It was a good long tattoo session, finishing the left chest panel with detail and some bright colors and pumping some color into the right shoulder tentacles. Walt the tattooer was not very busy, and was telling stories, the most memorable about a tattoo artist who belonged to an outlaw bike gang, the Galloping Geese, and was their enforcer. A good guy to have on your side, even if he had to scoot out the back door when police came in to be tattooed. He also talked about having to fabricate their own needles from sewing needles, and sharpening them once a week—the apprentice’s job. The needles were sharpened on Saturdays, and the shop was closed Sundays and Mondays, so those in the know got tattooed on Tuesdays before the needles got dull and dirty, resulting in pain, blurred lines, and infections or worse. He was joking about every OG tattooer he knew from the 70s ending up with solid black arms as the ink in their sleeves bled together. I’m hoping, and confident that the modern inks and techniques hold up a little better.

I walked by Melvin’s, the dive bar on St. Claude next to the tire shop. It is one of the few bars I have ever been in that had a buzzer to get in. You walked into the entryway to see a second door, and the bartender buzzed you in if you appeared to be proper Melvin’s clientele. I’m not sure what exactly that is, because it was a $3 shot and a beer place with some rickety pool tables, a mixed race clientele, and clearly no dress code. How you look at someone through dirty glass and determine that they indeed have $3 in their pocket I don’t know. I had no real desire to become a regular.

Last year, one of the local TV shows had filmed a fire scene there, and it was hard to tell the difference between the actors playing at firefighters and police, and the firefighters and police working the detail to make sure the joint didn’t burn down. Last night, Melvin’s had a real fire and the rear half of the building burned completely. The bar area was smoke and water damaged, and the owner was hemming and hawing about perhaps not having insurance on the news. The neighborhood changes all the time, but as it is on the same block as Gene’s Po-boy, which ain’t there no more, it makes you wonder. Some developers have big plans and no scruples.

I had a shot and a beer with the Hank was Here corner crowd, and then wandered onto Frenchmen Street. It was early, but as dead as I have seen it, which matched my energy level. I had excellent $2 happy hour tacos at 13, stopped in the bookstore and bought a collection of stories by a local author, and ended up at dba for Dinosaurchestra. Miles was back on the trombone, and in good form. There were only half a dozen folks in the bar, and it was a one set and done evening. I’ll try to remember nights like these come New Years and Mardi Gras.

Mustache Massacre

I went out for a mellow evening after completely cleaning out the kitchen pre-travel. I had a beer at the R-Bar, talking with the smokers outside, and ended up at Three Muses for an excellent cocktail and a good bowl of gumbo. Monte, the piano player, sat next to me at the bar and he had noticed that I was one of the only people in the dinner hour who was paying attention. I stashed for one set of Meschiya Lake, a vocalist.
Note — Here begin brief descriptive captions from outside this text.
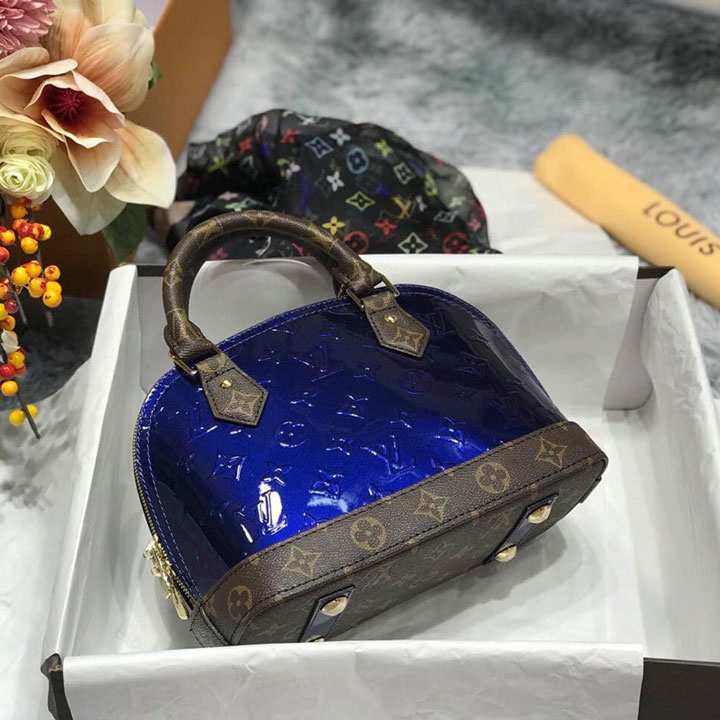 Túi xách Louis Vuitton hến da bóng super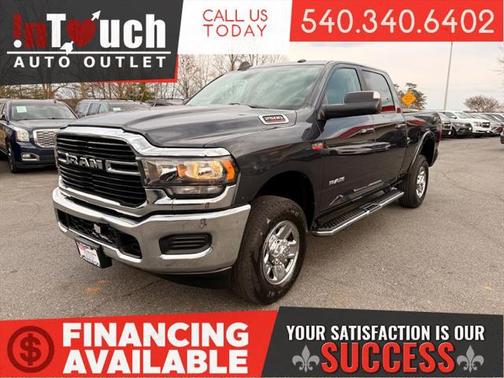 2020 RAM 2500 Big Horn Crew Cab 4X4 6'4' Box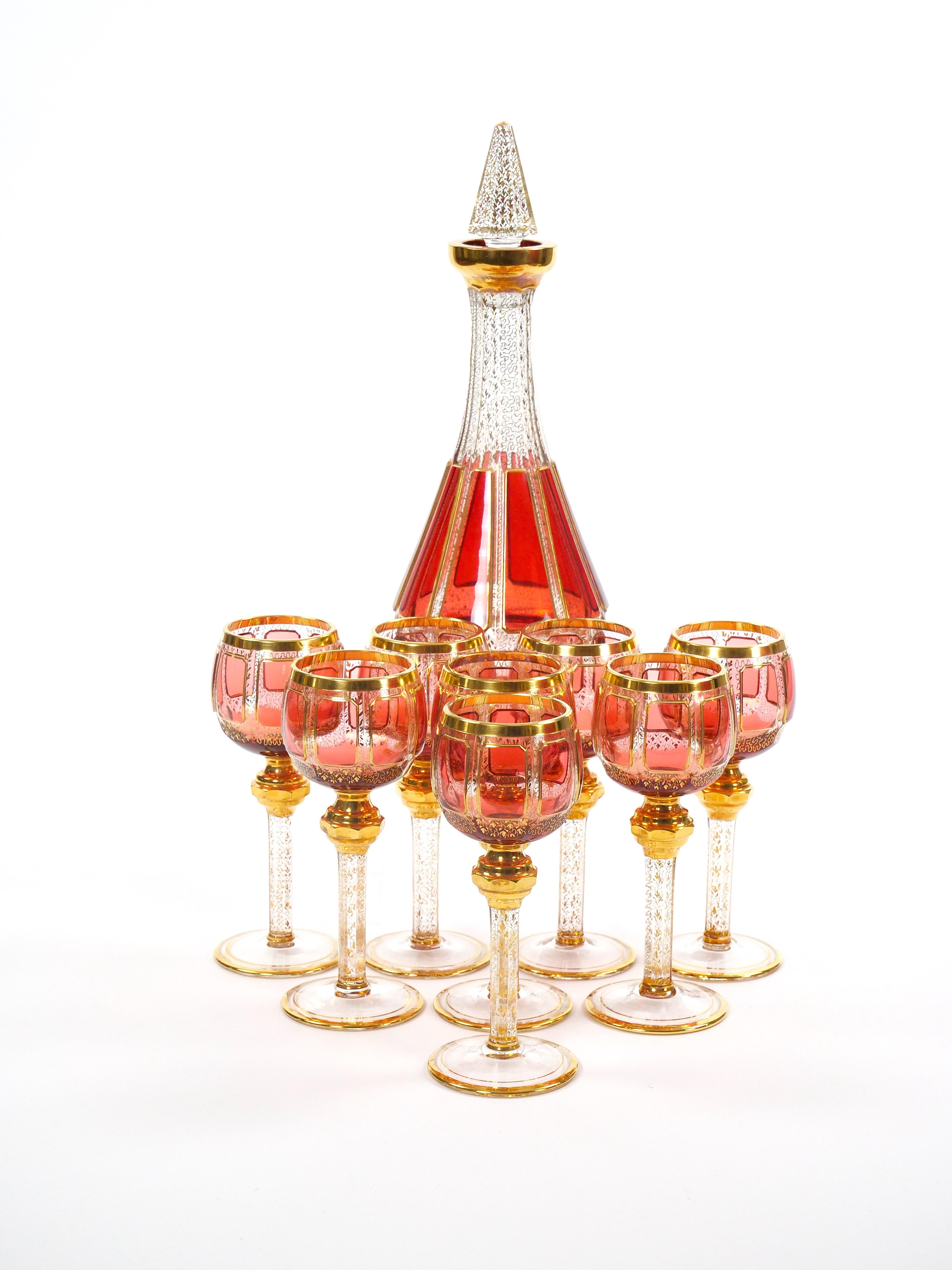 Este lujoso juego de copas de vino de cristal Moser, que incluye un decantador a juego, irradia elegancia y arte. Cada copa presenta un tono arándano y rosa ricamente panelado, meticulosamente decorado a mano con pesado oro dorado e intrincados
I had forgotten how nice the little club is when you are in the mood.

I stuck my head in the door at the R-bar, and it was Monday night barbering night, $10 for a haircut and a shot. I had not had my mustache trimmed in a year or so, and it is hard to get it even when you do it yourself. I waited my turn, and then told the guy what I wanted, just a trim, even around the mouth, and nothing too drastic. He repeated back to me, just a trim, about the same as it is now, just cleaned up a bit. This is a bar, not a barbershop, so there are no mirrors to see what he is doing, and I heard him run clippers for about thirty seconds.

A glorious mustache was gone in thirty seconds. I went from Pancho Villa to Freddy Mercury in less than a minute. Arlo Guthrie should write a song.

I had taken my lobbying mentor seriously when he suggested that distinctive facial hair is the key to success, and had cultivated the look for decades. It is like if you went in to get your hair dyed blonde and the hairdresser dyed you red. There are even bible stories about men and their hair. It will grow out, but I’m feeling naked.

The Thanksgiving holiday was great. It was good to see Mom, and her place. I am pleased that even after a debilitating illness she is coping well. Winter is coming, the hardest part of the year for her, but she seems to have developed work-arounds for the hardest parts. Sue is a great hostess, and it was good to reconnect with Dave, Sue and Jimmy. Sue’s kids are great, and I spent time talking with Virginia Rothwell, Jim’s mom, for longer than I had before. Jimmy even gave up his kitchen for a day to let me experiment with a turkey and sausage gumbo. Sue’s friends are fun and it was good time with a full house. I liked the tour of Columbia’s entertainment venues.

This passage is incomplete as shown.